Founded by artists Iyabo Shabazz and Joseph R. Wheeler, this summer’s conference covered writers’ and artists’ tips to how to collect and appraise black popular media like comic books and vintage movie posters. The participants included museum curators, comic book professionals, and even the founder of a soul food museum. The other added treat besides meeting new friends was a chance to see a small but beautiful exhibit of paintings by children’s book illustrator R. Gregory Christie who also runs an open studio in Atlanta.

The conference was a great experience before the back-to-school grind. The end of the summer meant the end to some of my favorite guilty pleasures, including watching obscure and fascinating foreign indie films like I’m Not Scared, the amazing Italian movie that I won’t spoil for you since it was a little surprising and made this closet tearjerker boohoo inexplicably, or the fabulous silent, black-and-white Spanish Snow White adaptation I saw.

Set in the 1920s, Blancanieves explores the world of bullfighting, where the neglected and abused daughter of a beloved Spanish matador is rescued by a family of bullfighting dwarves (I kid you not!), who goes on to glory and tragedy, as befitting the Grimm fairy tale. The cinematography was beautiful, the costumes and actors were memorable even though as usual, the seven (or is six?) dwarves are never given anymore than broad strokes of characterization.

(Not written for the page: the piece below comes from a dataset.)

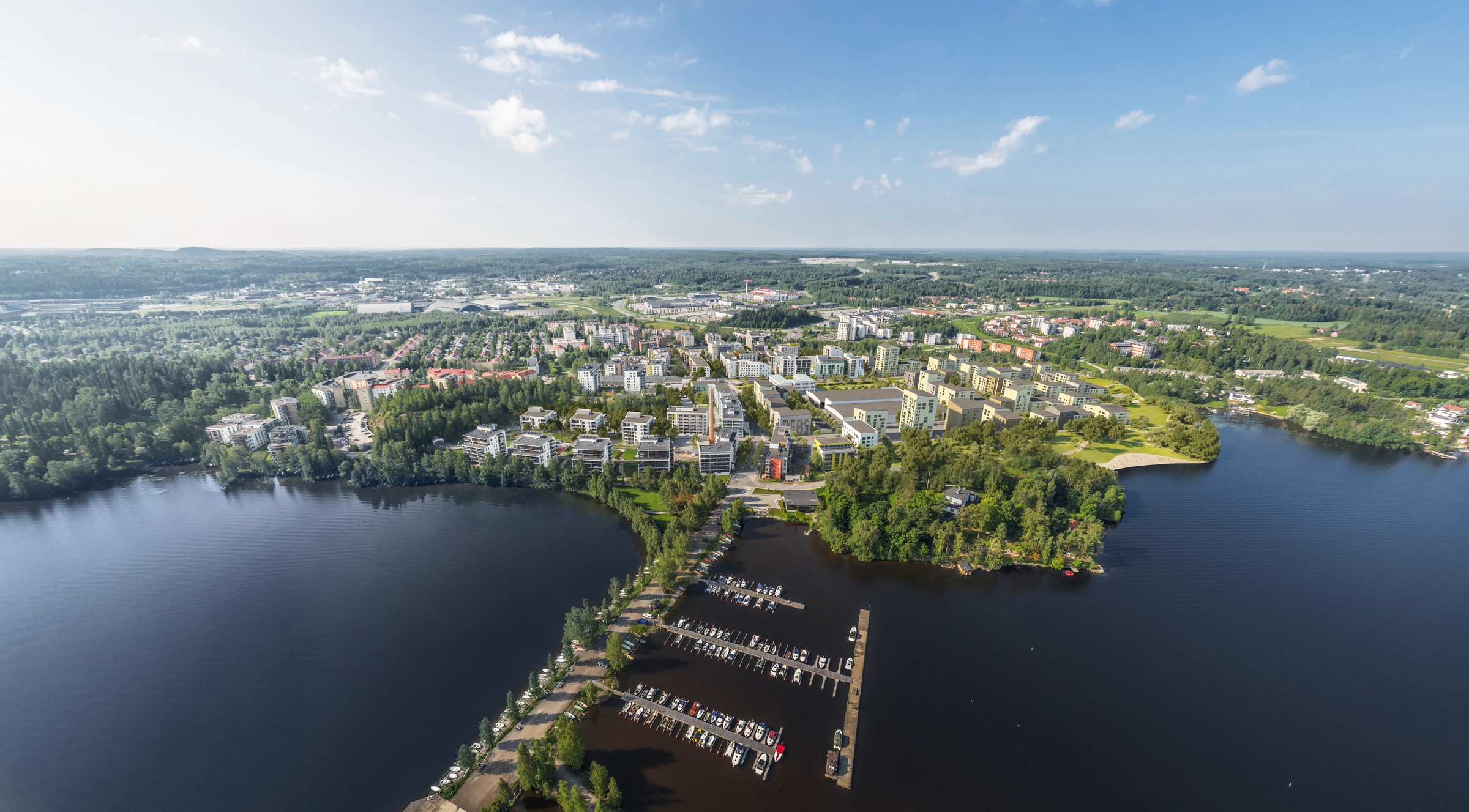 Härmälänranta Ilmakuva viehättävästä järvenrantakaupungin maisemasta, jossa on rehevää kasvillisuutta ja venesatama kirkkaan taivaan alla.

Special praise should be given to the wonderful child actress, Sofia Oren, who delivered a pitch perfect performance, and I loved the music and the over-the-top scenery-chewing satire of the stepmother’s performance. Maribel Verdú as Encarna was a Femme Fatale Betty Boop with some serious issues and a fierce wardrobe to match. While Blancanieves is no The Artists (it didn’t seem to take itself quite as seriously and in case you were wondering, no, no bulls were slaughtered on or off camera for this film), it is well worth watching in my humble opinion, especially for anyone who enjoys a little lore and magic in their movies.

My other guilty pleasure this summer included fussing at the Magical Negroes of the show I love to hate but can’t stop watching, The Vampire Diaries, and its great spin-off series set in New Orleans, The Originals with yet another Magical Negroe with an interesting backstory. Neither of these shows can be watched without also consulting TV.com’s hilarious photo recaps.

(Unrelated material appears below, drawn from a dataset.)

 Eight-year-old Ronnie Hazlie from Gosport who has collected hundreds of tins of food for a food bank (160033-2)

Speaking of Magical Negroes, in late September, a couple of days before my birthday, I saw stop. reset, the new Signature Theatre play by actress and playwright Regina Taylor in New York.


Taylor’s science fiction play set in a black independent publisher’s Chicago offices was a moving meditation on how grief can scar the soul and how future tech can enslave or set us free. How one took the play’s ending depended upon whether or not you saw lead Carl Lumbley’s final “transition” as a visitation of the spirits, a riding of the loa, or a case, as one critic saw it, as “contagious insanity.” Needless to say, I loved this nuanced work and the awesome public discussion that took place following the performance.


And speaking of contagious insanity… watch Tina Mabry’s Mississippi Damned. For me, it was a little like watching a Kara Walker picture come to life. Enough Said.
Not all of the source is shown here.